My notes from Roberta Conner’s presentation at the inaugural TEDx Portland presentation.
Director Tamastslikt Cultural Institute
- The name my grandmother gave me when I was 13 references a time when the glaciers were melting, and the land was flooding. It’s an old name.
- 100 years ago my grandmother was standing on the banks
- take care of your body.
- bears eat berries, birds eat berries, you are not the only consumer of these berries.
- all things must be in balance: man and woman, day and night, abundance and scarcity.
- when things are out of balance, you can tell. there will be more scarcity for some. you can tell when there is too much testosterone or estrogen in a room.
- we are laying to rest the elders who learned languages as children, as opposed to those who are learning it today in the classroom.
- we humans don’t make the earth turn, or the moon shine. we are humble.
- indigenous cultures who are trying to keep their cultures alive are trying to protect an enormous database of ecological information that can protect us.
- we know things like where there are condor habitat, that scientists don’t know.

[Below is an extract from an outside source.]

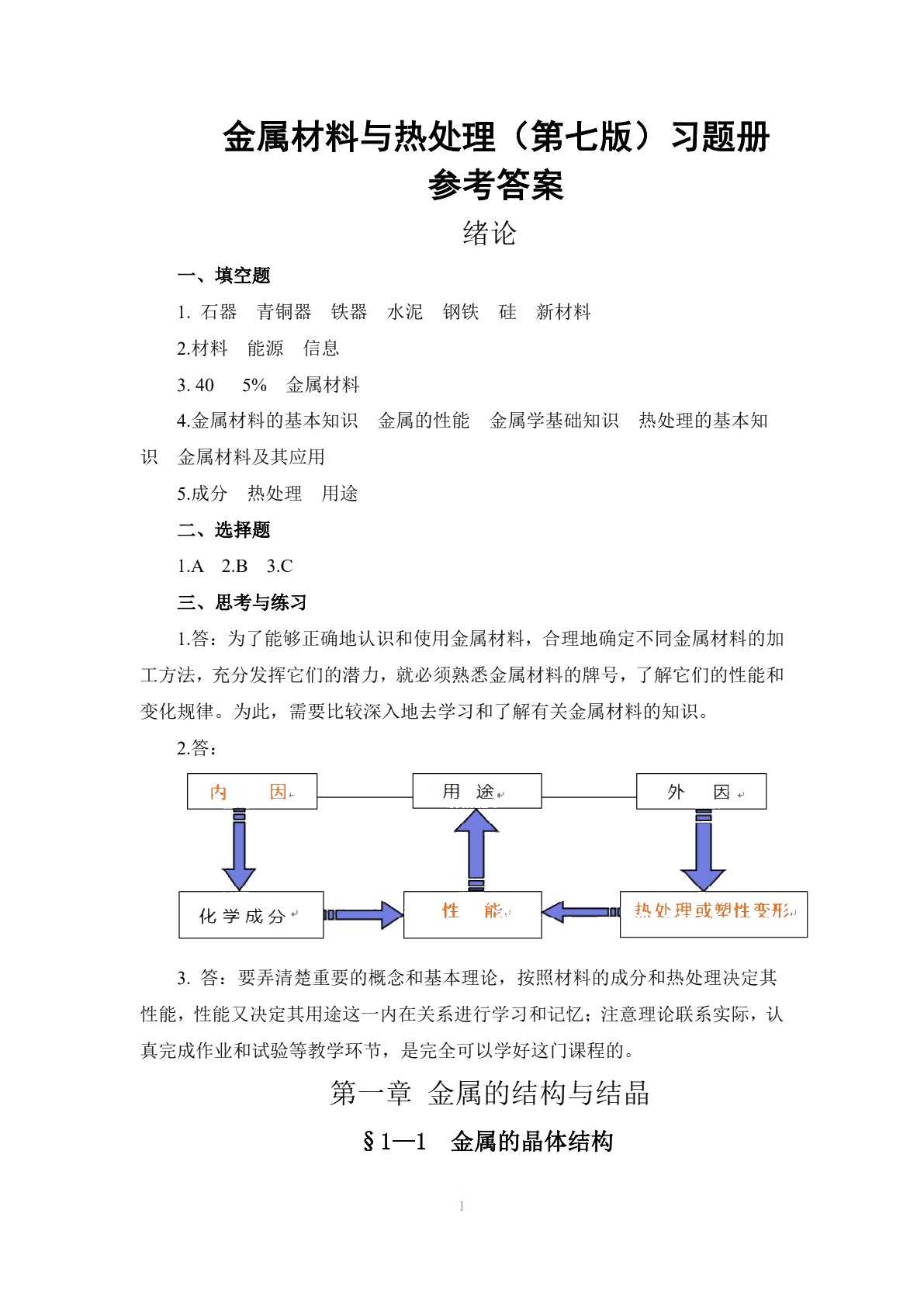 金属材料与热处理（第七版）习题册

- there is no world for wilderness in our language because all places are known. all places are some indigenous tribes home.
- culture and language teach us that we are not the most important thing. we are not in charge of the wildlife or animals.

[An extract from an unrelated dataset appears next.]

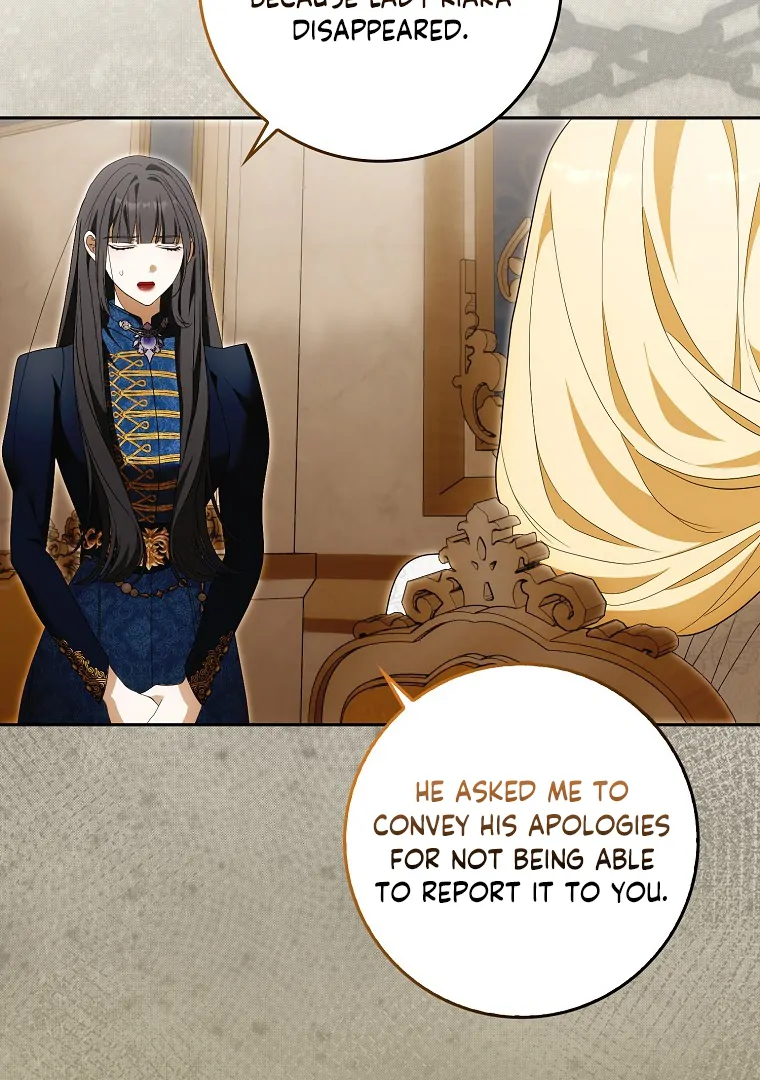 My Wish Is Two Separate Beds Chapter 14 381 036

- the places with the lowest economic development have the greatest wildlife. the industrial revolution passed those places by. this is good. all things in balance.
- indigenous names and languages help us maintain our store of knowledge. it is not meant to leave anyone out.
- scientists and indigenous speakers need each other.
- living in a place for thousand and thousands are empirical and longitudinal. it’s not double blind, but we know what a place’s carrying capacity is. we know what happens when a place is overhunted or overpopulated.
- we know that roads don’t belong in river bottoms. we know that garbage and pollution cannot accumulate.
- live as though your ancestors thousands of years from now will live in your backyard.